D’indéniables qualités
- La laine de mouton est une formidable matière première : renouvelable, recyclable, et abondante en France. Par ailleurs, la filière laine, en difficulté, a besoin de nouveaux débouchés pour maintenir ses outils de transformation.
- Sa conductivité thermique (lambda) est très bonne : 0,04 W/m.°C, équivalente à celle des laines minérales.
- Difficilement inflammable, la laine n’émet pas de fumées toxiques.
- Très agréable à poser et à manipuler, elle ne produit pas de poussières, et très peu de fibres inhalables.
- Très perméable à la vapeur d’eau, elle possède une étonnante capacité à absorber. Plus précisément : jusqu’à 33 % d’absorption de son poids d’eau, sans perdre ses capacités isolantes.
Quelques points faibles
- Une capacité thermique (déphasage) très moyenne ne lui permettant pas d’assurer un très bon confort d’été, à moins de l’associer dans ce cas à des panneaux de fibres de bois.
- Une transformation complexe : tonte, collecte et tri, battage, démêlage, lavage, cardage, aiguilletage ou thermoliaison… qui génère surcoûts et transports. Grâce à la mise en place de filières régionales, le prix reste cependant compétitif : 12 à 15 € TTC le m2 pour 10 cm d’épaisseur. Du reste, la question du bien-être animal face aux impératifs économiques fait débat du côté des défenseurs des droits des animaux.
- Enfin, la laine est essentiellement composée de kératine, une protéine que l’on retrouve aussi dans les cheveux, les ongles, les plumes… et dont se nourrissent les mites. En l’absence de traitement de protection, elles y font de très gros dégâts.
Attention à la laine brute
Plusieurs sortes de graisses sont secrétées pour protéger la fibre sur l’animal, notamment le suint. Il est soluble dans l’eau froide, mais assurerait une protection naturelle contre les mites. D’où l’idée d’utiliser de la laine brute non lavée en isolation, malgré une odeur forte qui persiste durant trois ou quatre mois. Certains auto-constructeurs s’en accommodent et font la promotion de cette solution sur des forums internet.
Combien de temps dure cette “protection” par le suint ? C’est la grande question. En tout cas, ceux qui adoptent ce choix prennent de gros risques. En effet, la plupart des réponses reçues à notre appel à témoignages concernaient la laine brute. En fin de compte, des infestations furent constatées au bout de quelques mois, devenant vite massives, avec une dégradation rapide de l’isolant. Même les traitements chimiques n’en viennent pas à bout. La maison peut devenir quasiment inhabitable. Les critères qui semblent favorables aux infestations précoces : climat humide et chaud, hivers doux… Seule véritable solution : retirer la laine, tout nettoyer et placer un autre isolant.
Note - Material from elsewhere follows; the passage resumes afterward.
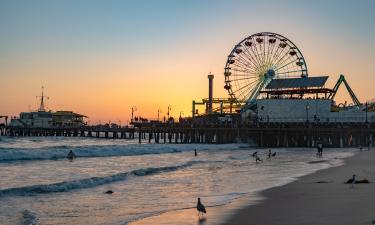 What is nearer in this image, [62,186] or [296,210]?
[296,210]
Autant dire qu’il faut déconseiller l’usage de la laine brute pour l’isolation. Un autre témoignage reçu concernait des plumes de récupération, avec le même type d’infestation. D’autres fois, il s’agit d’isolants lavés et texturés, mais dont le traitement antimite a été défaillant.
Quelle protection alors ?
Débarrassée du suint et de son odeur, la laine (sous forme de panneaux ou de rouleaux) doit être protégée contre les mites. Trois traitements sont envisageables :
- Le sel de bore est souvent utilisé en traitement dans la construction (insecticide et fongicide). C’est une substance dite hydrophile. Néanmoins, pouvant affecter gravement la santé (si ingéré à forte dose), on ne peut le considérer comme inoffensif.
- La perméthrine (Konservan p10), un pyréthrinoïde neurotoxique, est remise en cause du fait de sa toxicité pour les organismes aquatiques et pour l’environnement. Pourtant, elle est employée chez une très grande majorité de fabricants.
- Une autre alternative, beaucoup plus écologique (éprouvée en laboratoire) : les huiles essentielles.
Des tests de vieillissement accéléré, réalisés avec le sel de bore, laissent espérer un effet protecteur de plusieurs décennies. Mais ce produit minéral, qui rend la laine inconsommable par les mites, restera-t-il lié aux fibres aussi longtemps que ce qu’on attend d’un élément de construction ? Faute de recul, il est difficile d’être catégorique. La confiance des consommateurs et des professionnels de la construction ne pourra s’acquérir que dans la transparence. C’est pourquoi, au niveau législatif, une certification a vu le jour grâce à l’Association pour la CERtification des Matériaux Isolants (ACERMI). Mais aussi, d’autres mesures plus générales, comme la réglementation thermique 2012 (RT 2012) ou la construction de bâtiments à énergie positive (BEPOS). Des gages de qualité qui s’opposent aux pratiques courantes de greenwashing.